Following a search that saw applications from as far afield as the USA, Nigeria and the Netherlands, we’re pleased to announce Annabelle Smith as the winner of the third Leach Pottery apprentice funded by the Seasalt bursary! We caught up with Annabelle to find out a bit more about her, and how she’s feeling about starting her apprenticeship at the Leach Pottery.
How did you feel when you found out you’d been selected as the next apprentice?
When I received the call to say I had made it, I instantly felt relief – it’s my dream come true! Since I finished university I knew I wanted to be a production potter, and when I heard about the apprenticeship, I knew it would be the ideal start to my career. I applied as soon as the applications were open. This is the opportunity of a lifetime for me….I couldn’t ask for more.
Where are you from?
I have always lived in the south west of England, and in Cornwall for the last seven years.
How old are you?
How did you find the interview process?
I had all summer to look forward to this so I was really nervous! My interview days had ups and downs, but I kept battling through. The Leach studio potters are really friendly and inclusive, so the relaxed atmosphere made the practical tests go relatively smoothly. Being at the start of my career you never really know if what you are doing is right, but that’s what makes it exciting because you are learning and discovering the whole time.
This is an outstanding opportunity to learn with The Leach Pottery traditions, which have benefited so many potters working today
You had to bring something you’d made and were really proud of to the interview, what item did you bring with you to talk about and why?
I decided to bring a small faceted jar that I made earlier this year. I designed it having read Lucy Rie’s book on her personal work. I made the lid domed with a slight spiral to contrast with the straight lines of the facets. I used a black Tenmoku glaze that breaks into a milk chocolate colour on the edges. The inside is an ash green jewel-like colour, which brightens up the piece. I chose this because it was one of the most difficult pieces I have made so far, and it’s the kind of thing that I would like to make in the future.
How did you get into pottery?
The school I was at when I was 12 had a fantastic art, design and technology facility. After my first lesson in ceramics, I was in love! Later at university, I tried my hand at woodwork, photography, print-making and metalwork. They had a kiln but no wheel but eventually, in my third year a wheel arrived, and I’ve never looked back.
Being at the start of my career you never really know if what you are doing is right, but that’s what makes it exciting because you are learning and discovering the whole time.
What appeals most about a career in pottery?

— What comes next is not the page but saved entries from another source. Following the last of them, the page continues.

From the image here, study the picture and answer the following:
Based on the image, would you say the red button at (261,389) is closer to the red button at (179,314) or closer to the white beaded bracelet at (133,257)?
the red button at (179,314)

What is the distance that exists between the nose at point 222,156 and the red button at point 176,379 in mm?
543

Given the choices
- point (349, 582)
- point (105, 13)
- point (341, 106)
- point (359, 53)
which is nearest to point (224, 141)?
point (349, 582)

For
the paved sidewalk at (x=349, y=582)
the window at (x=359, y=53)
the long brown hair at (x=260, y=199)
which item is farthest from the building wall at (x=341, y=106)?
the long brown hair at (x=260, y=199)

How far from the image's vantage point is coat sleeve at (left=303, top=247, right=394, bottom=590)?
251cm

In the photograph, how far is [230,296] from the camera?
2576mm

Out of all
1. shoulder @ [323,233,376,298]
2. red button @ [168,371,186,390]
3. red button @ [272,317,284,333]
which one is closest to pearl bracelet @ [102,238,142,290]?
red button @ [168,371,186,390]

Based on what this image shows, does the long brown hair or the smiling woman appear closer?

The process of designing and making beautiful but utilitarian domestic pieces for others to use sparks joy in me. I have always been practical and enjoyed working with my hands, so pottery is the perfect path for me, as it encompasses everything I love.
What are you most looking forward to at Leach?
I am looking forward to developing my practice as a professional, artist-maker in production throwing and design. This is an outstanding opportunity to learn with The Leach Pottery traditions, which have benefited so many potters working today. I cannot wait to be living in St Ives. I love the galleries, the colours of the sea and the live music nights every week.
Whose work are you inspired by?
Phil Rogers’ use of line is delicate and purposeful which pulls the overall piece together.
Clive Bowen, as his simple brushwork accentuates the design of the whole piece.
Svend Bayer throws feminine forms in a masculine way. They are majestic, strong and confident pots.
Antoni Gaudi. I love the way nature informs his designs and sometimes pairs that with playful, lighthearted, bright colours.
The bursary forms part of Seasalt’s pioneering, new campaign, The Modern Creatives Project, which encourages the idea of living a simple and creative life.